• TASK: The data should be transcribed in its entirety, word for word.

• COLLECTED DATA:

*** Begin section ***

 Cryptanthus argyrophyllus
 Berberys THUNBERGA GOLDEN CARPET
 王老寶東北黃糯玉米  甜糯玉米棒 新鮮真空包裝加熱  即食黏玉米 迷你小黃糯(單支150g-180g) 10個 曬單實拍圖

*** End section ***

• OUTPUT OF THE TASK:
 Cryptanthus argyrophyllus
 Berberys THUNBERGA GOLDEN CARPET
 王老寶東北黃糯玉米  甜糯玉米棒 新鮮真空包裝加熱  即食黏玉米 迷你小黃糯(單支150g-180g) 10個 曬單實拍圖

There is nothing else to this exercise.